Dewi tidak menjawab, tapi dari sorot matannya ia telah memaafkan Chandra, mantan kekasihnya. Dewi sebenarnya masih sayang pada Chandra, namun malu untuk mengngkapkannya, karena ia sadar bahwa dia duluan yang mutusin hubungan dengan candra.
“ Nah begitu kan manis, cewek tu jangan mudah marah ntar cepat tua.”
“ Kagak usah melawak….!” Dewi mendorong bahu Chandra namun Chandra keburu mengelak. Sayangnya Dewi terlalu kuat dorongannya sehingga ia terhuyung ke depan dan terjatuh.

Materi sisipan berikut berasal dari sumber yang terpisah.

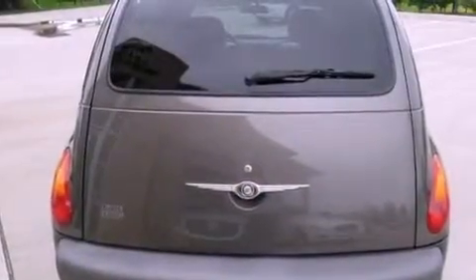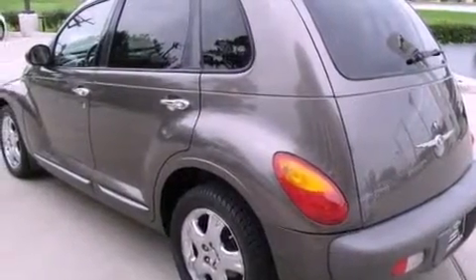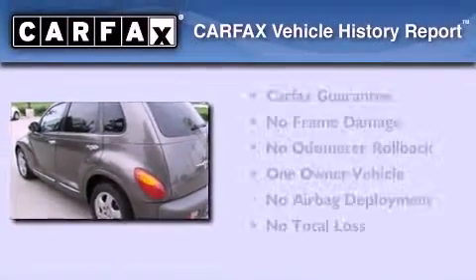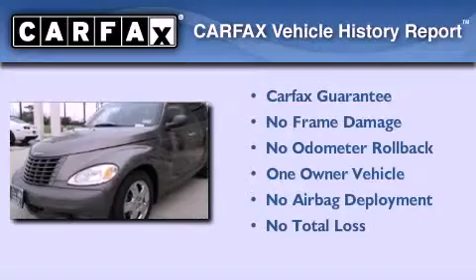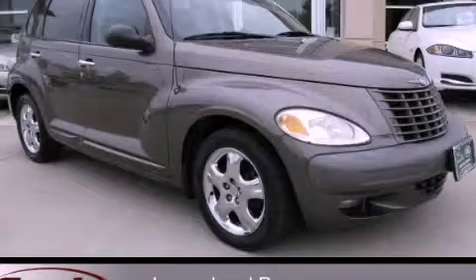With an EPA estimated rating of 29 miles per gallon on the highway, it's easy to see how you can save. This Chrysler has had only one owner and it qualifies for the Carfax Buyback Guarantee. Contact us today to arrange your test drive.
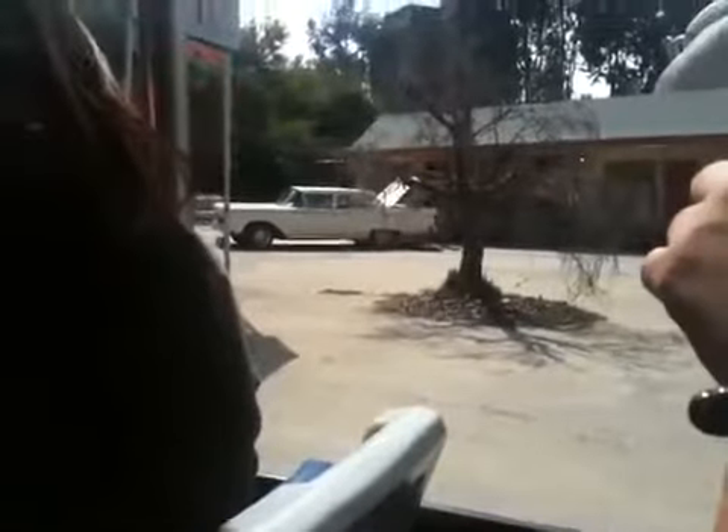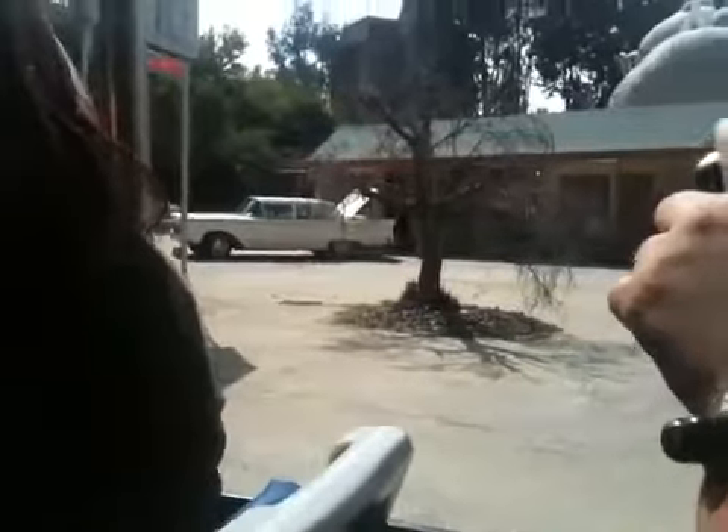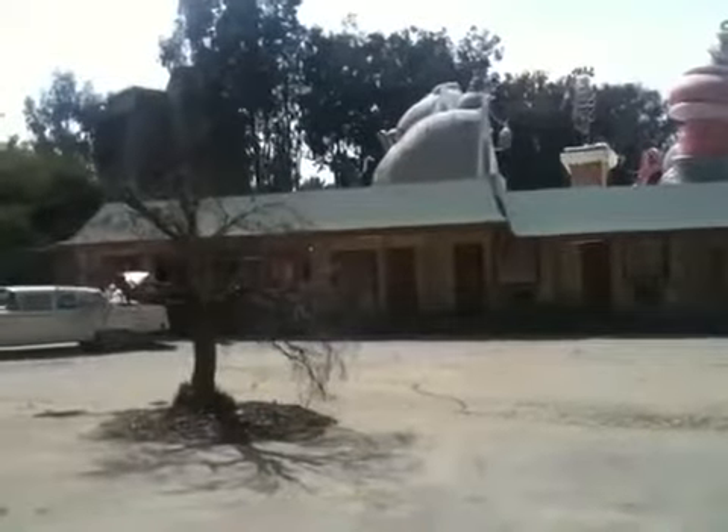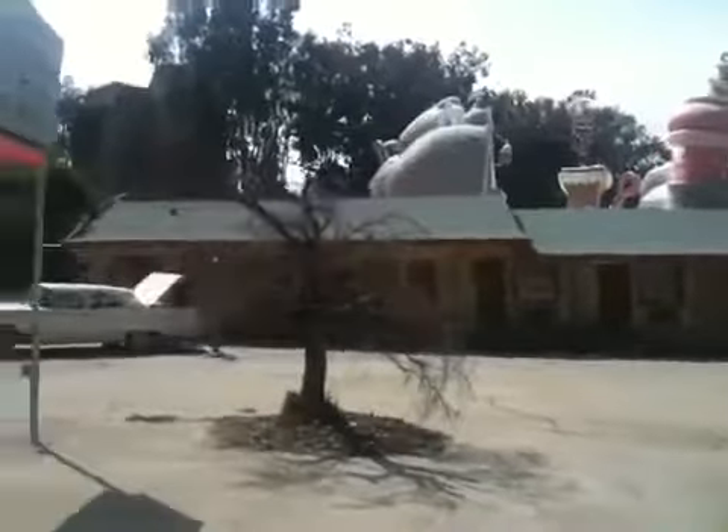Oh, wow. Okay, this is awkward. Norman. Howdy. How's it going? That good, huh? We're going to go now, okay? Say hi to mom for me — give her my love.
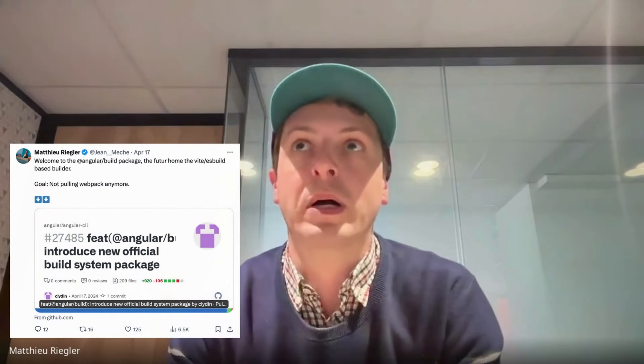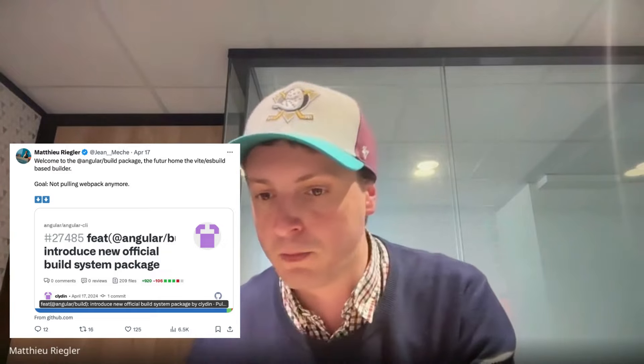Dylan had a question around a tweet I did a few days back around a new package that will come — the Angular build package, I think. Yes, that's correct.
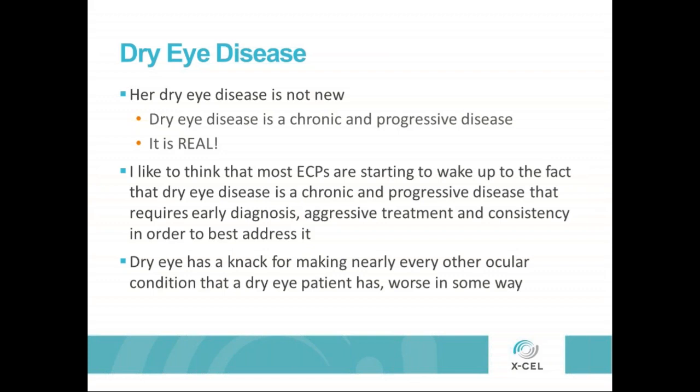Dry eye is kind of the meddler in everything. It has a knack of making nearly every other ocular condition a patient has worse. If you're having cataract surgery, dry eye can confound that and create poor endpoints and poor results and discomfort afterwards. Same thing with contact lenses. If you're trying to refract somebody with dry eye, their vision is constantly fluctuating, and it decreases their quality of life.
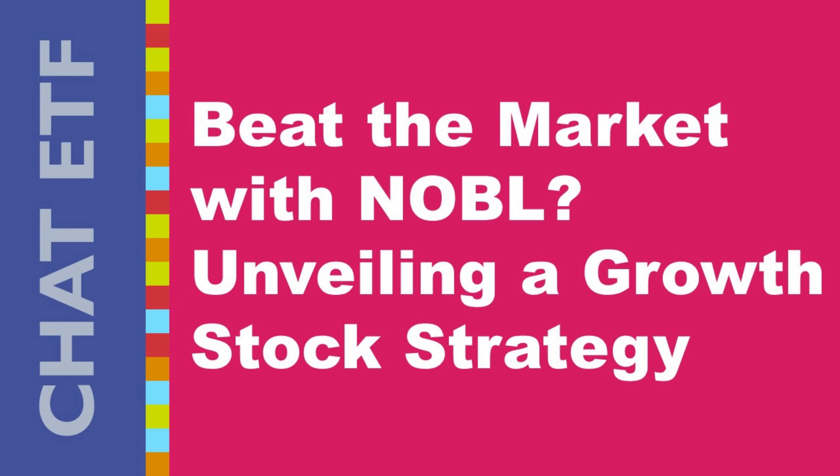Today we're diving deep into a question a lot of growth stock enthusiasts are asking: is NOBL the ultimate ETF for you? Before you jump in, there are some hidden risks and some interesting strategies to consider.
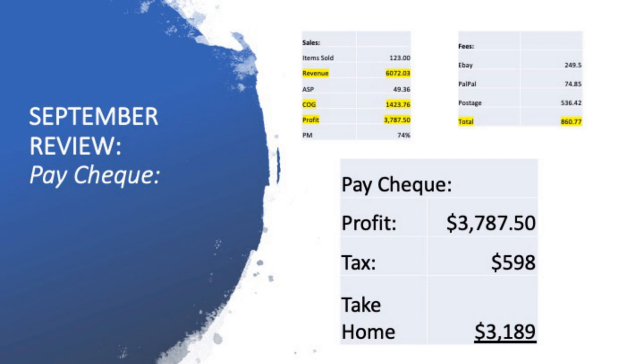That's gross profit, so you've got to take out tax as well. The tax equation worked out to a $598 deduction that I put into a separate tax savings account. So my take-home paycheck was $3,189. In Australian dollars, doing that every month works out to about $45,000 a year. Not quite the $50,000 full-time paycheck I want, but for really having a proper crack at it for the first time in September, I think I can grow this to $50,000 to $60,000 take-home.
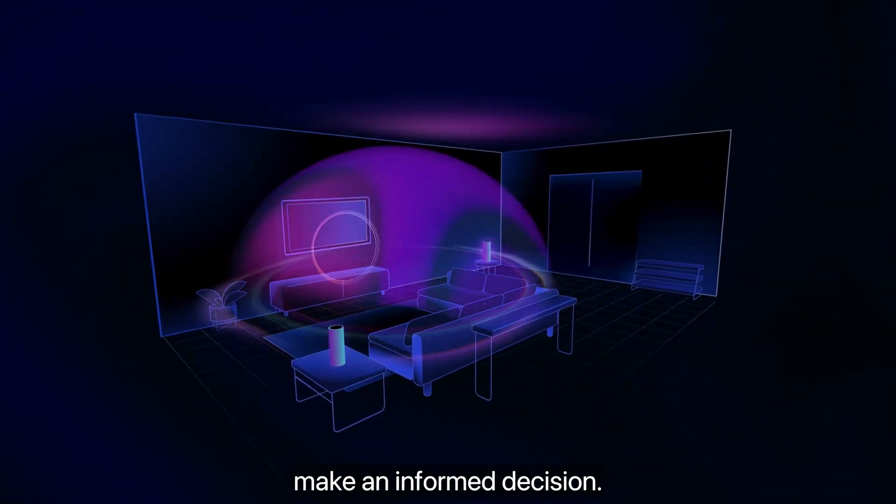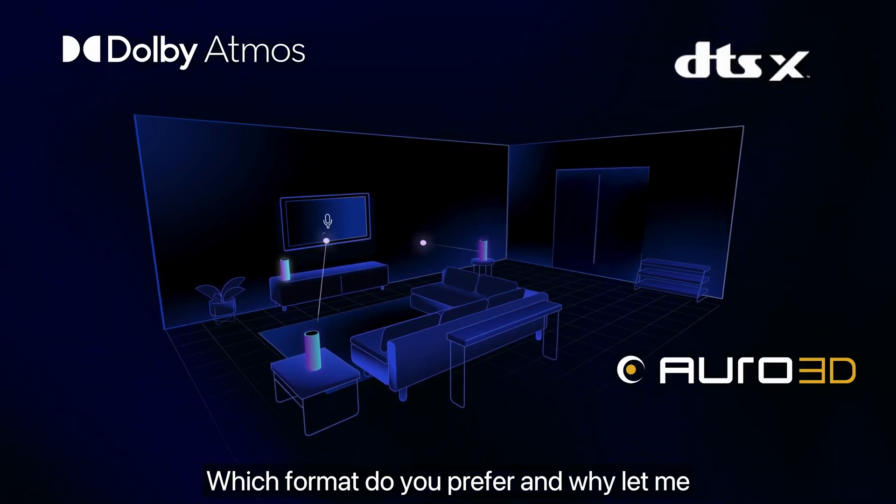Hopefully this breakdown has given you a clearer picture to make an informed decision. Which format do you prefer and why? Let me know in the comment section below.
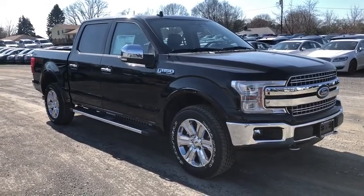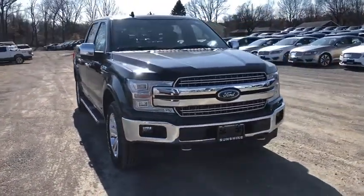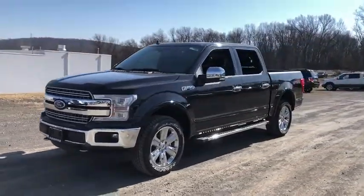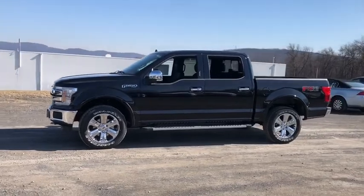Stop by and take a look at the 2020 F-150. A Ford F-150 knows how to handle any situation. It's built to follow orders. No whining.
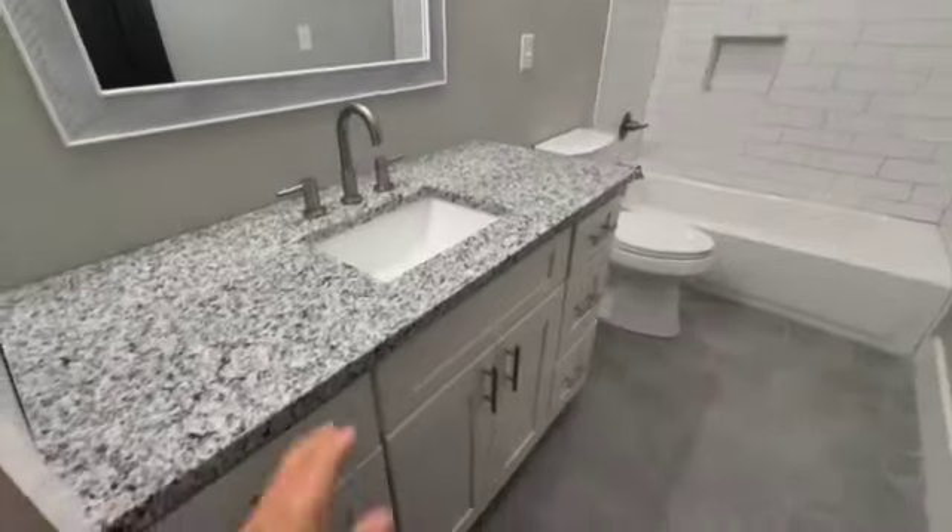Going down the hall to the next bedroom — bedrooms are almost identical in size, though this one could be slightly smaller. Same scenario: accent wall, television mount, double closet lighted with the switch outside.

Sebelum tubuhnya menyentuh tanah tiba-tiba tangan Chandra menyambarnya dan merangkulnya untuk mencegah Dewi jatuh terjerembab.
Muka keduanya berdekatan sehingga mereka tidak bisa mengeluarkan kata-kata. Hanya pandangan matanya yang beradu seolah-olah mereka saling mengagumi.
Tiba-tiba terdengar tepuk tangan.
“ Bagus….Bagus….!” Putra tiba-tiba muncul.
“ Gua kagak nyangka…. Lu masih mencintai Chandra ya….? Dan aku kagak nyaka ama Chandra , lu sahabat gua tapi lu nusuk gua dari belakang.”
“ Putra…. Jangan salah sangka.” Dewi buru-buru melepaskan rangkulan Chandra.”
“ Putra…. Aku bisa jelaskan…” Chandra jadi gugup.
“ Tak perlu kalian jelaskan. Sudah jelas aku melihat di depan mata gua, lu mesra-mesraan.” Putra meninggalkan tempat itu dengan perasaan marah. Dewi buru-buru mengejar.
“ Buset….! Runyam jadinya.” Chandra pun segera meninggalkan gedung sekolah, namun pikirannya masih gundah, gelisah, karena sahabatnya salah paham.